In concurrent applications, algorithms with a better asymptotic order of execution will run faster, too. Nonetheless, there will be times when the best serial algorithm will not be amenable to parallelization. If you cannot easily turn a hotspot into threaded code (and you can’t find a point higher in the call stack of the hotspot that can be made concurrent), you should consider using a suboptimal serial algorithm to transform, rather than the algorithm currently in the code.
For example, consider the linear algebra operation for the multiplication of two square matrixes. Strassen’s Algorithm has one of the best asymptotic orders of execution, O(n2.81). This is better than the O(n3) of the traditional triple-nested loop algorithm. Strassen’s method divides up each of the matrixes into four chunks (or submatrixes) and uses seven recursive calls to multiply the n/2 × n/2 submatrixes. To parallelize these recursive calls, you could create a new thread to execute each of the seven independent submatrix multiplications. The number of threads will increase exponentially (much like the wives, sacks, cats, and kittens coming from St. Ives). As the submatrixes get smaller and smaller, the granularity of the assigned work given to a newly created thread will get finer and finer. When the submatrixes achieve a given size, switch to a serial algorithm.

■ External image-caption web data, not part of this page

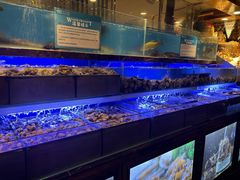 -喜庭海鲜自助(来福士店)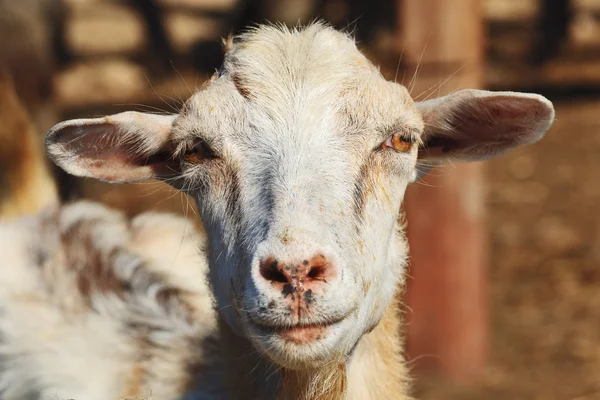 Goat — Stock Photo, Image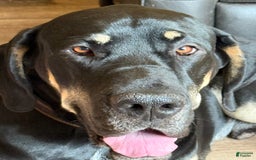 Great Dane dogs for stud: Magnum - Image 3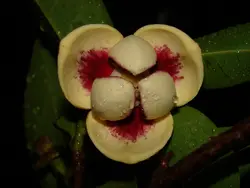 بذر سیب برکه <br> یک عدد بذر <br> Pond Apple Seeds <br> <i><b>Annona glabra</i> Seeds</b>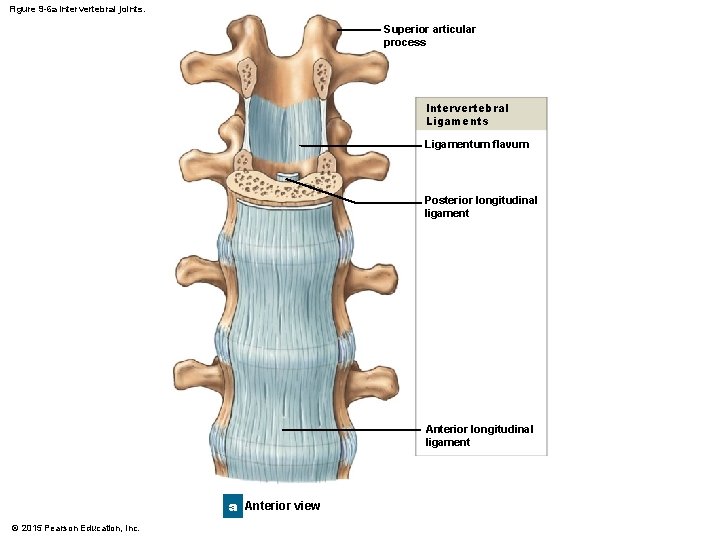 Figure 9 -6 a Intervertebral joints. Superior articular process Intervertebral Ligaments Ligamentum flavum Posterior Figure 9 -6 a Intervertebral joints. Superior articular process Intervertebral Ligaments Ligamentum flavum Posterior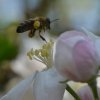 Butinage de fleurs de pommier dans mon jardin 1. Avril 2020. Philippe Vander Linden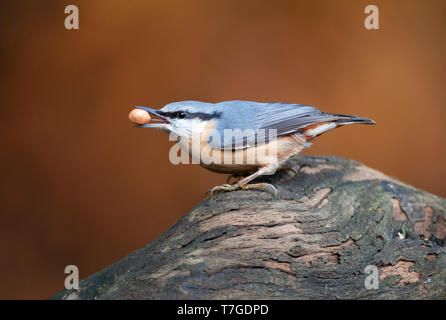 Eurasian Nuthatch (Sitta europaea) in the Netherlands. Bird with a large nut in its beak, perched on a log against a reddish brown autumn colored back Stock Photo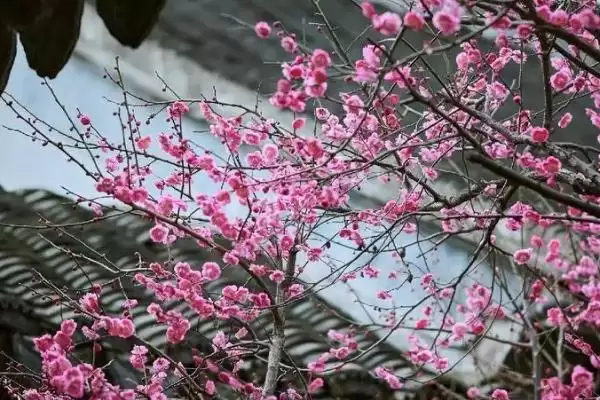 梅花的开放时间是什么时候呢 ,梅花一般开放时间为 1-3 月份插图1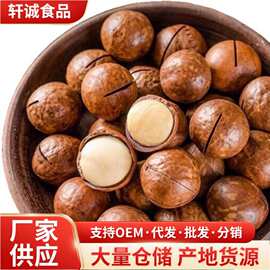 代发夏威夷果奶油味环形大开口饱满大颗粒夏威夷果坚果炒货零食批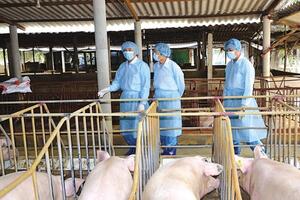 Hà Nội đẩy mạnh đầu tư ứng dụng công nghệ cao trong chăn nuôi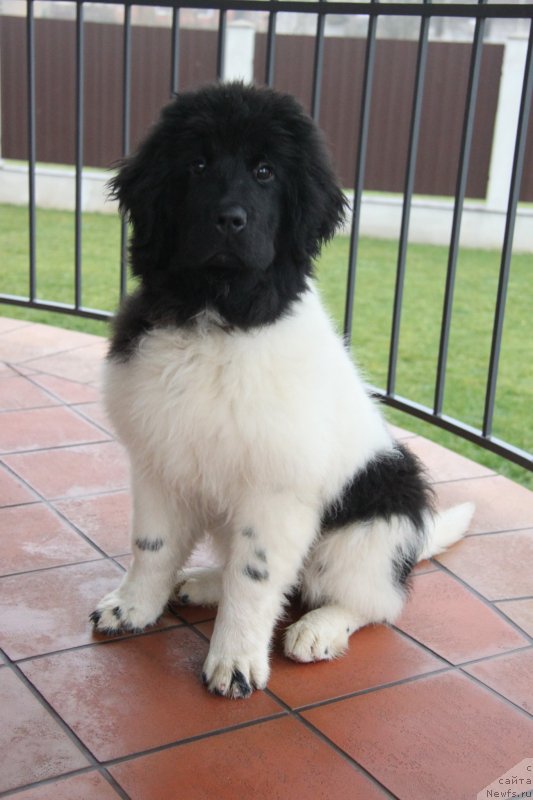 Фото: ньюфаундленд Аквиан Сонг Монтана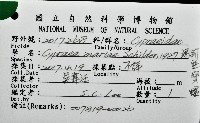 瑪莉亞寶螺藏品圖，第12張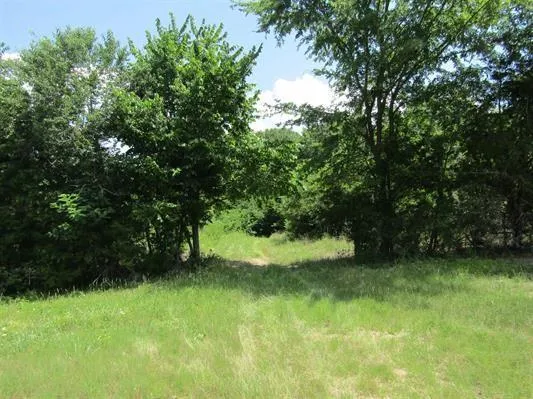 a view of yard with green space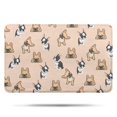 thumbnail image 1 of French Bulldog Dog Bathroom Rugs Mat,Non Slip Microfiber Bathroom Rug,Rubber Backing,Soft Bathroom Mats for Bathroom Floor,Tub and Shower,17x27in(43x68cm), 1 of 5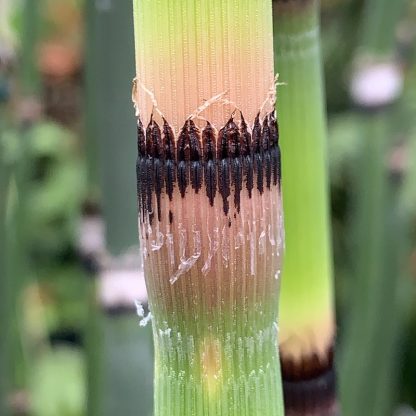 Equisetum hyemale var. robustum close up of new growth at Big Plant Nursery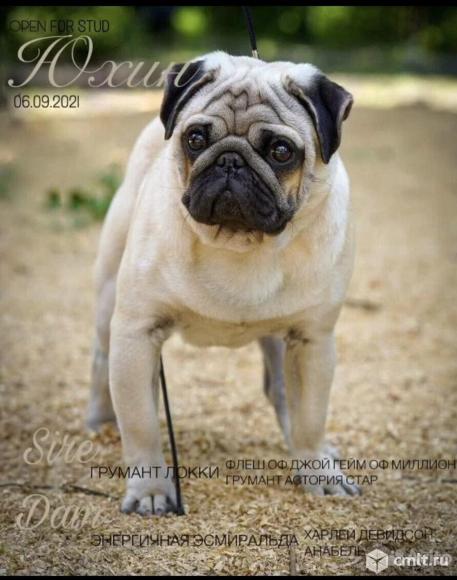 Щенки мопса. Фото 7.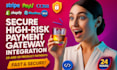 integrate high risk payment gateway for ecommerce website 2d 3d product payment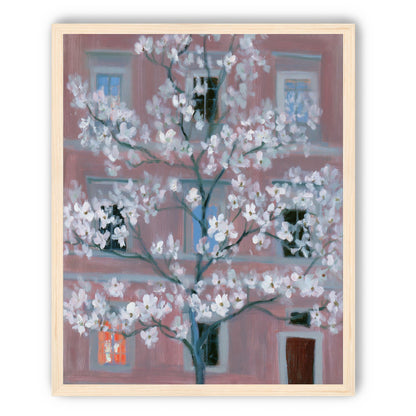 White blossoms against the pink house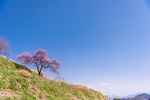 山坡 樱花树 蓝天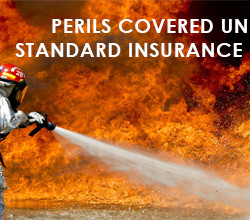 Perils_Covered_under_Standard_insurance_policy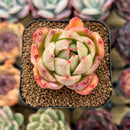 Echeveria 'Jillian' 2" Succulent Plant Cutting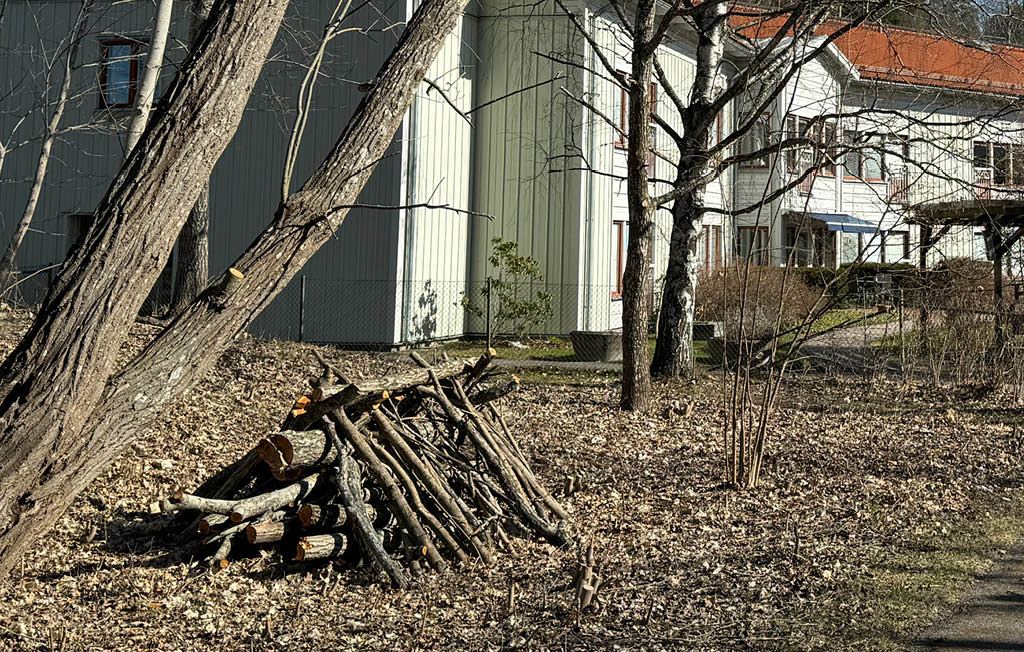 Hög med trädgrenar.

A much easier means to parallelize matrix multiplication is to use the asymptotically inferior triple-nested loop algorithm. There are several ways to perform a data decomposition on the matrixes (divide by rows, divide by columns, or divide by blocks) and assign the necessary computations to threads. You can do this using OpenMP pragmas at one of the loop levels or by using explicit threads that implement the division of the loop indexes as needed. Less code modification is required for the simpler serial algorithm, and the structure of the code would likely be left more intact than it would be if you attempted to thread Strassen’s Algorithm. Better yet, follow Simple Rule 4 and use a concurrent library function that performs the matrix-matrix multiplication.
I’ve given you eight simple rules that you should keep in mind when designing the threading that will transform a serial application into a concurrent version. By following the rules presented here, I’ve been able to more easily create concurrent solutions that are more robust, less likely to contain threading problems, and that move toward optimal performance with less development time. I’m sure you will, too.